### Provided data
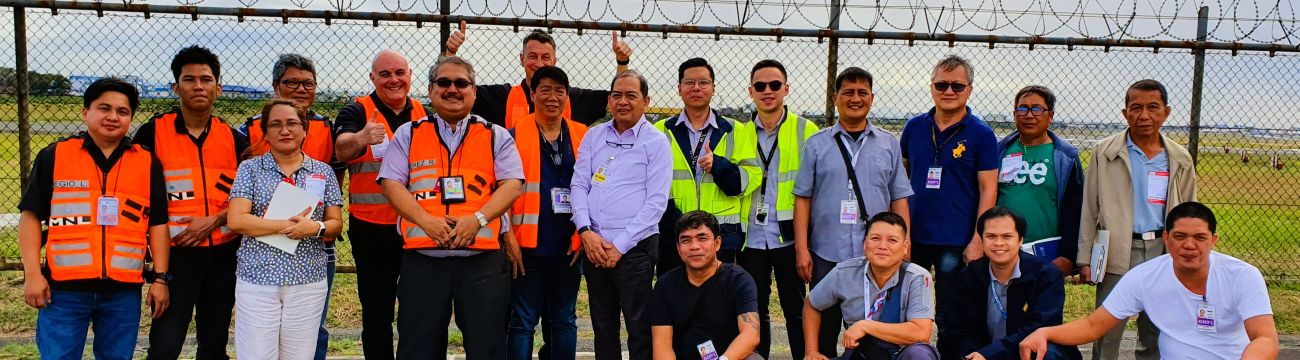 Philippines Airport Airfield Lighting Training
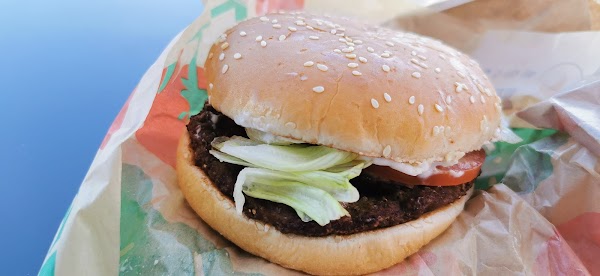 Restaurant Burger King à Sainte-Suzanne, La Réunion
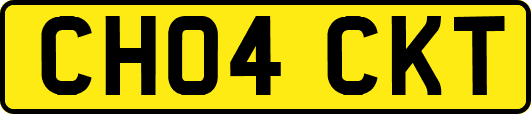 CH04CKT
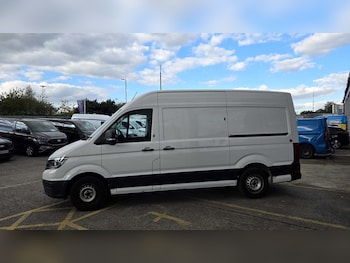 Used Volkswagen Crafter 2020 for sale - 76087999: Photo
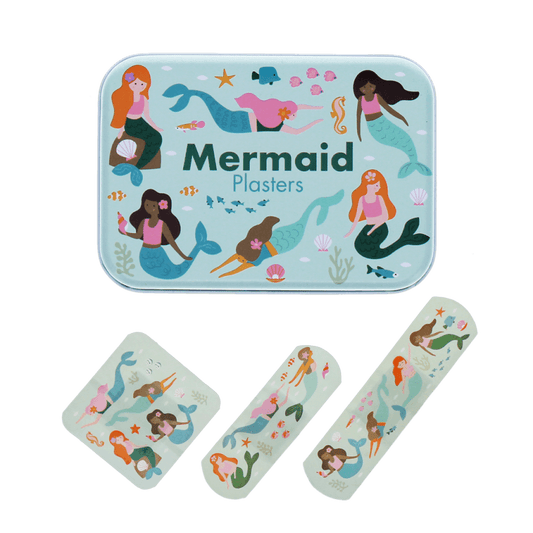 Rex london : pleister - mermaids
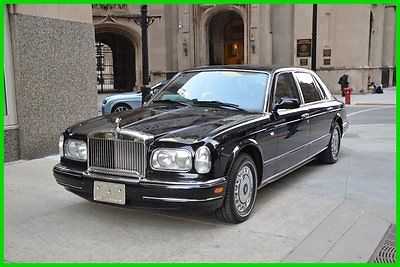 Rolls-Royce : Other 2001 Rolls-Royce Park Ward 2001 used 5.4 l v 12 24 v automatic rwd premium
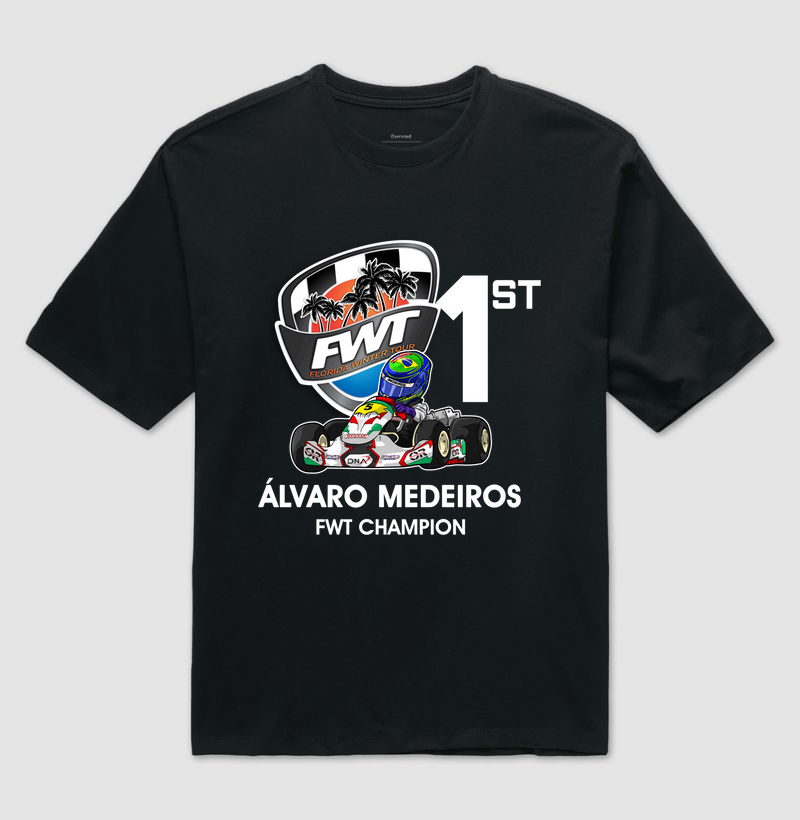 Champion FWT 2025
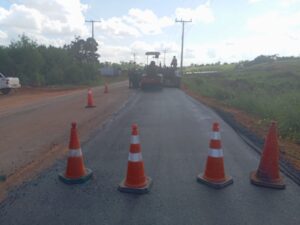 Deracre avança no recapeamento da AC-10 e aguarda liberação de novos recursos federais | Cidade AC News – Notícias do Acre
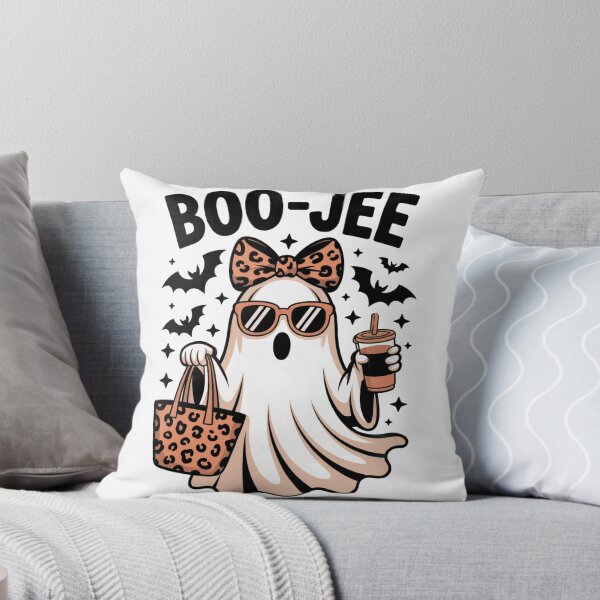 Item preview, Boo Jee Ghost  designed and sold by Roy & Tiffany.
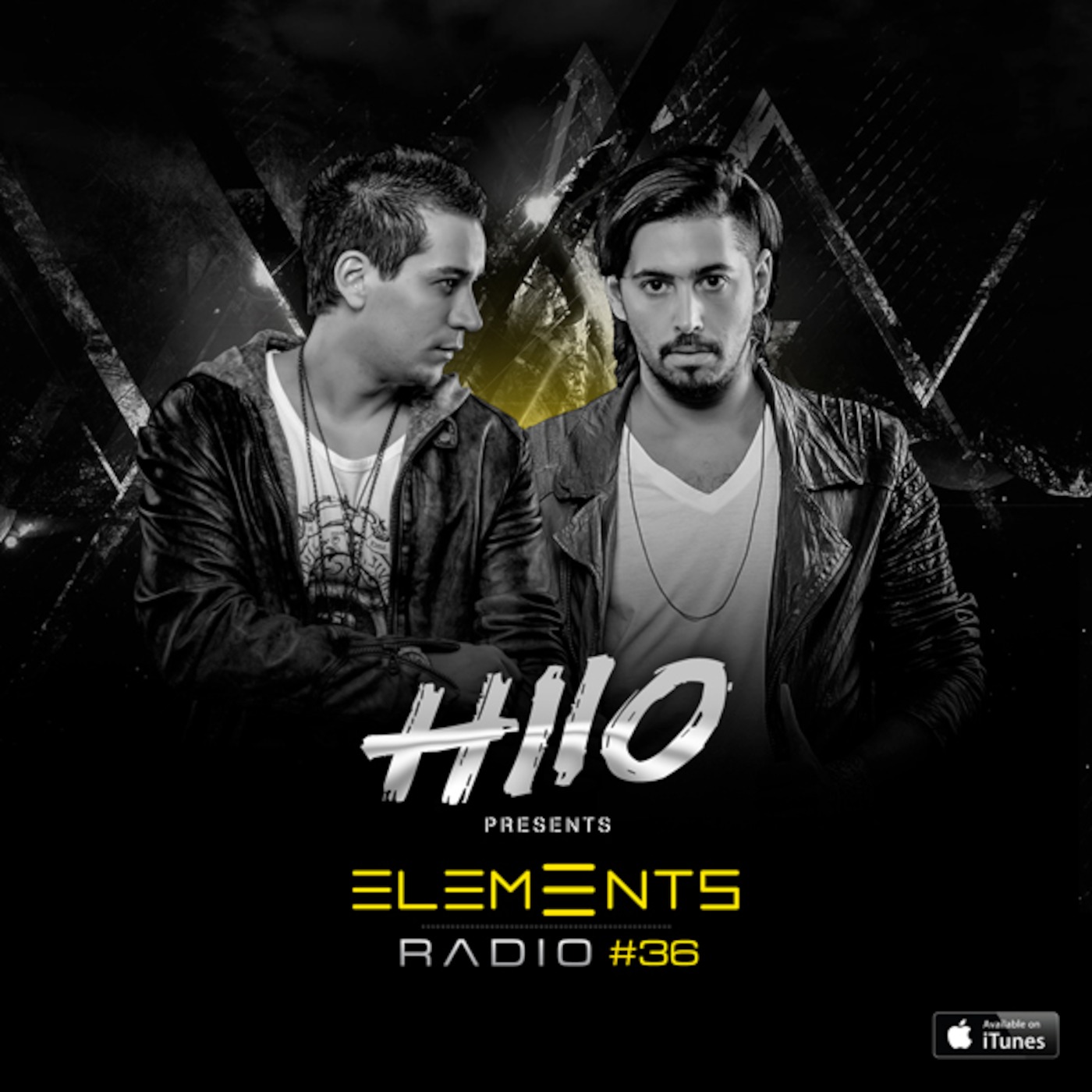 ELEMENTS #036 episode artwork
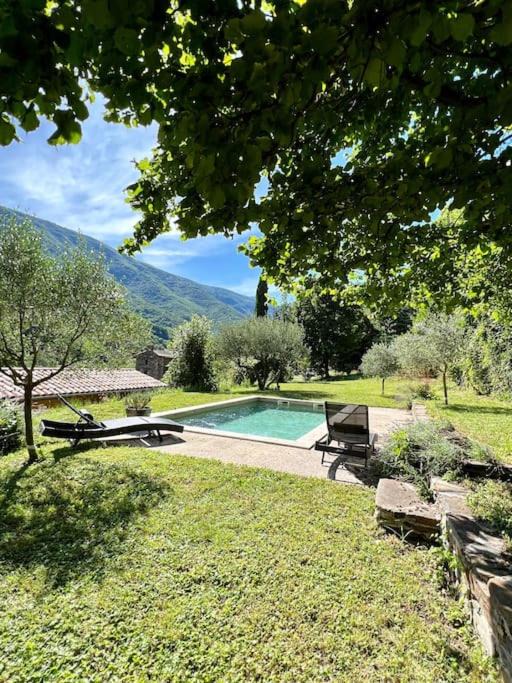 Valleraugue Apartment | Charmant Logement avec piscine.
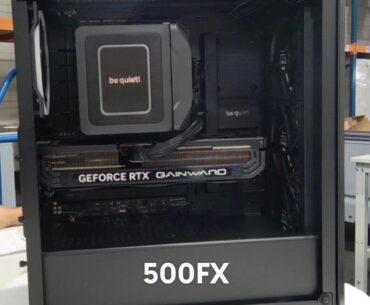 Pure Base 500FX vs Shadow Base 800FX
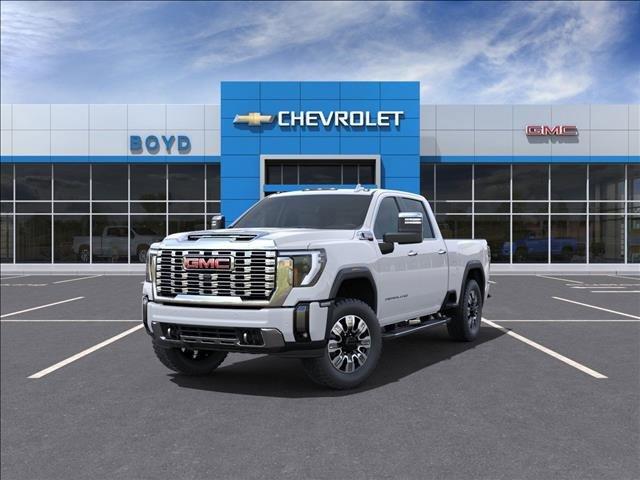 2025 GMC Sierra 2500 HD Vehicle Photo in EMPORIA, VA 23847-1235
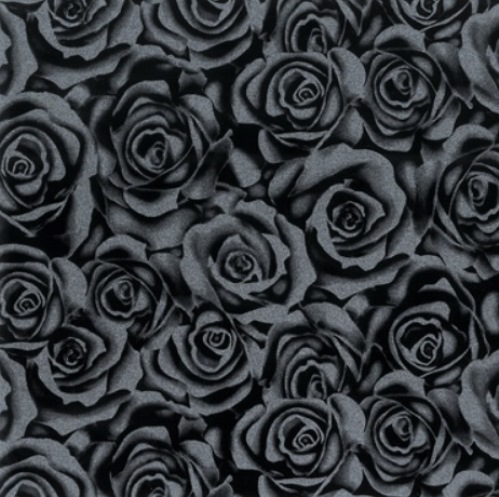 Плита Gizir Polylac 9263 Троянда чорна, 2800х1220х18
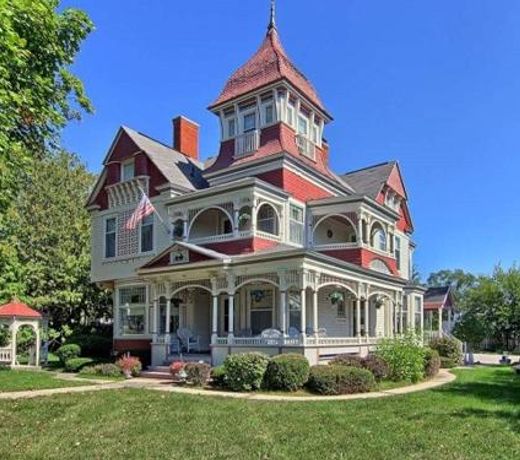 Grand Victorian B&B Inn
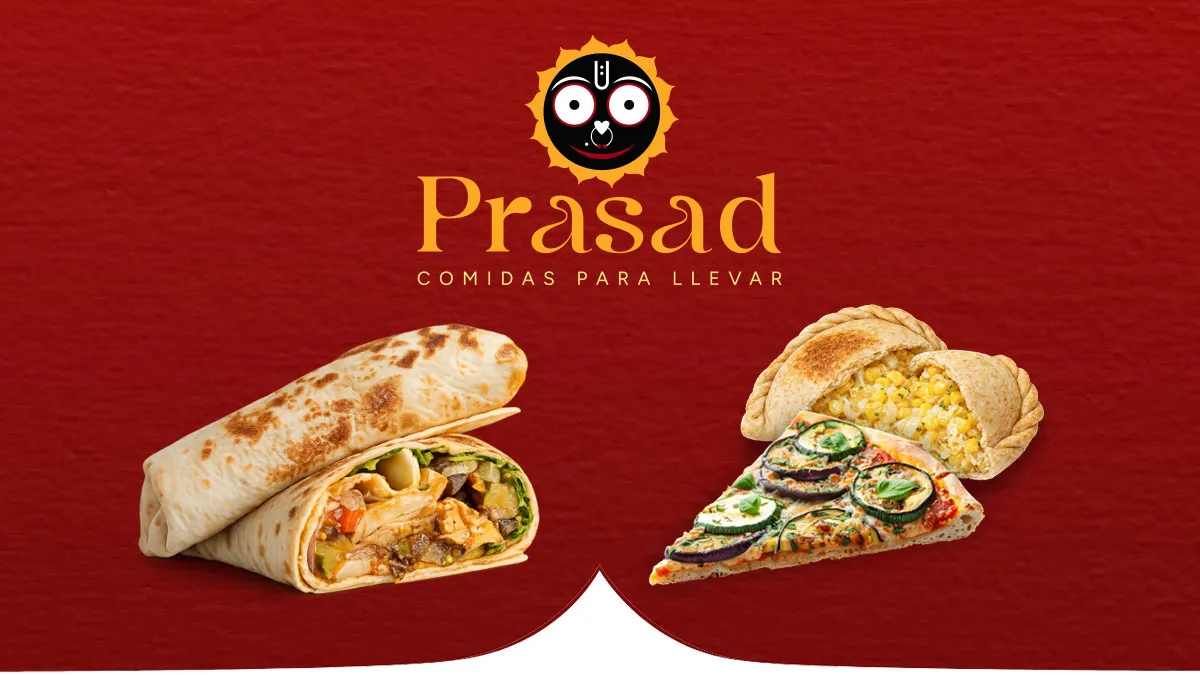 Prasad Take Away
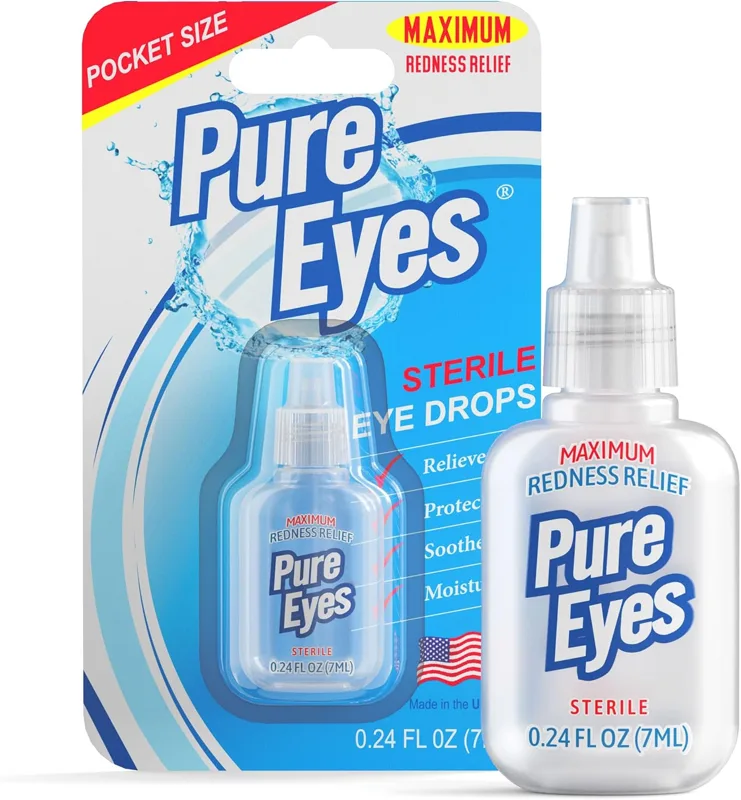 Pure Eyes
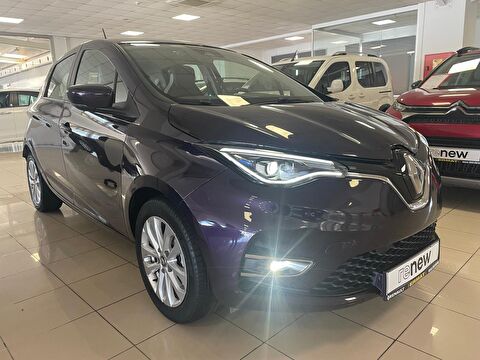 2022 Elektrik Otomatik Renault Zoe Mor Ermat Motorlu Araçlar ve Tarım Ürünleri Sanayi Ticaret A.Ş.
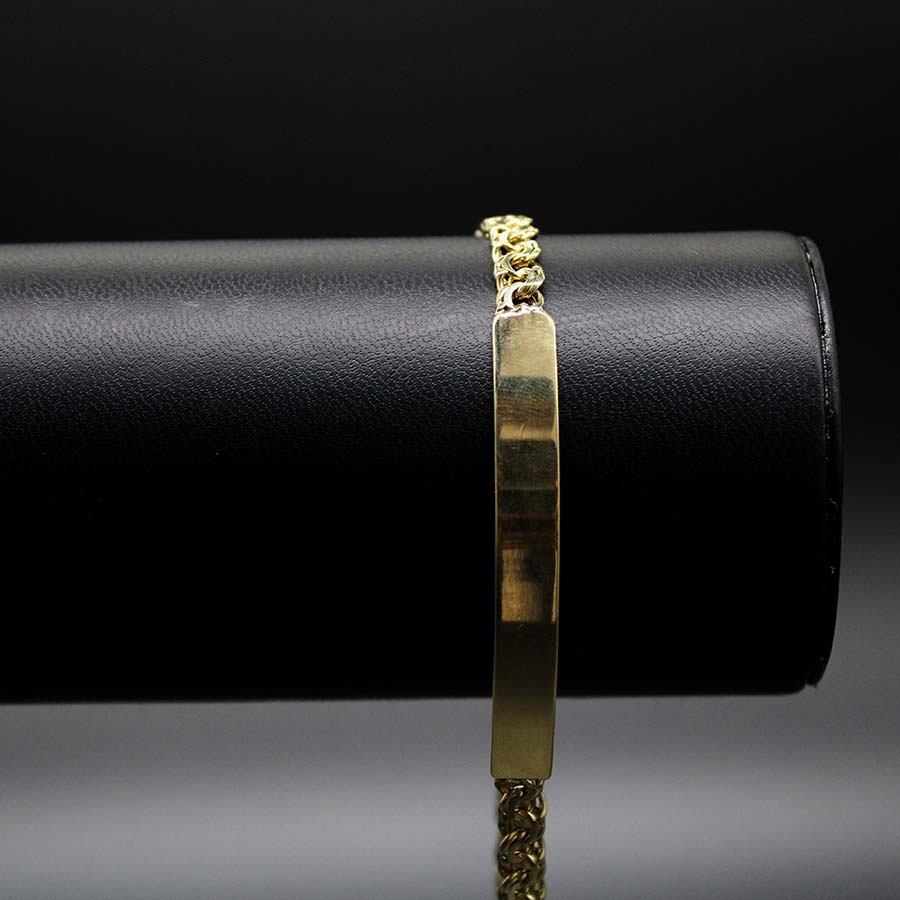 Esclava China Dama 3mm 18cm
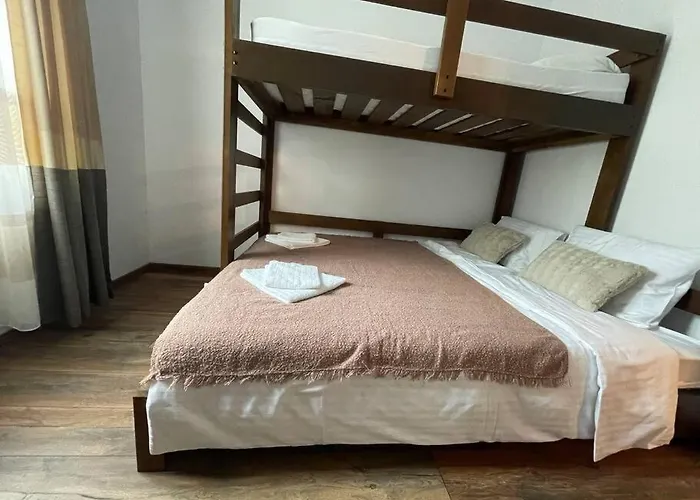 Feriehus Guest House “Anchetata”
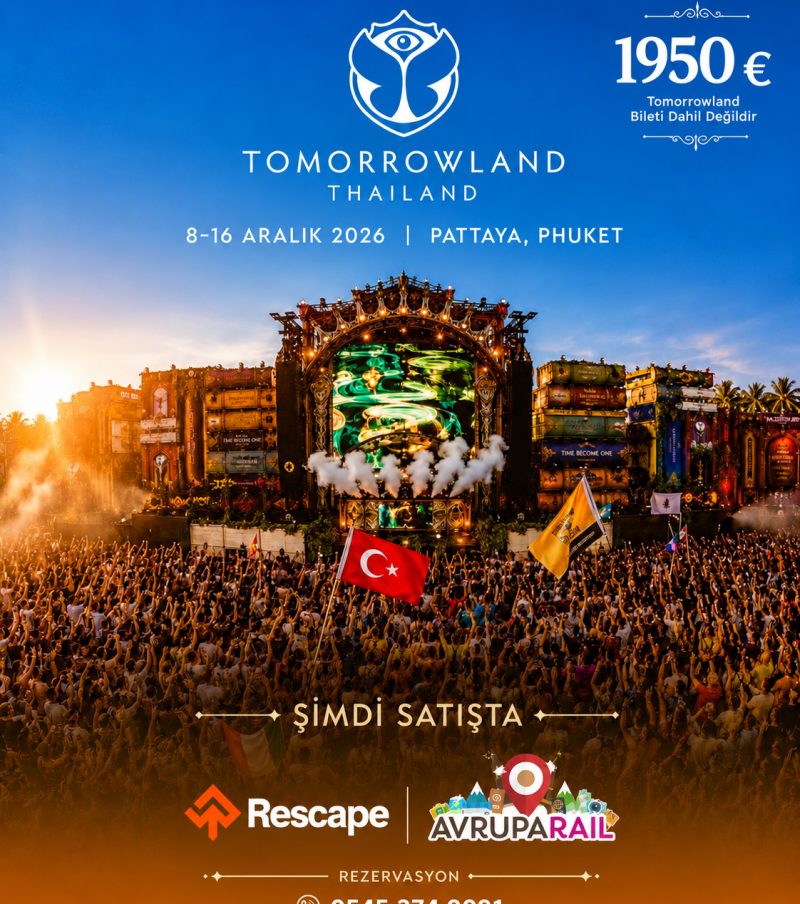 Tayland İncileri | Phuket, Pattaya Bangkok Turu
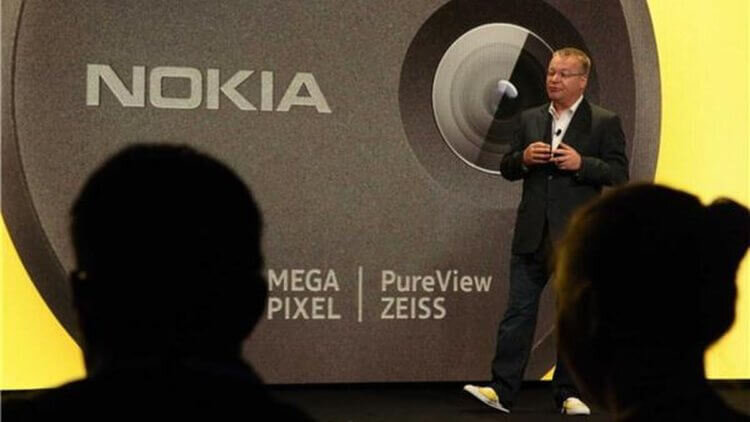 Nokia 1020 была лучшим камерофоном своего времени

### What is expected
Write out, word for word, only the lines from the one containing "Pure Base 500FX vs Shadow Base 800FX" to the end of the data above; the pictures stay out.

### Exercise response
 Pure Base 500FX vs Shadow Base 800FX
 2025 GMC Sierra 2500 HD Vehicle Photo in EMPORIA, VA 23847-1235
 Плита Gizir Polylac 9263 Троянда чорна, 2800х1220х18
 Grand Victorian B&B Inn
 Prasad Take Away
 Pure Eyes
 2022 Elektrik Otomatik Renault Zoe Mor Ermat Motorlu Araçlar ve Tarım Ürünleri Sanayi Ticaret A.Ş.
 Esclava China Dama 3mm 18cm
 Feriehus Guest House “Anchetata”
 Tayland İncileri | Phuket, Pattaya Bangkok Turu
 Nokia 1020 была лучшим камерофоном своего времени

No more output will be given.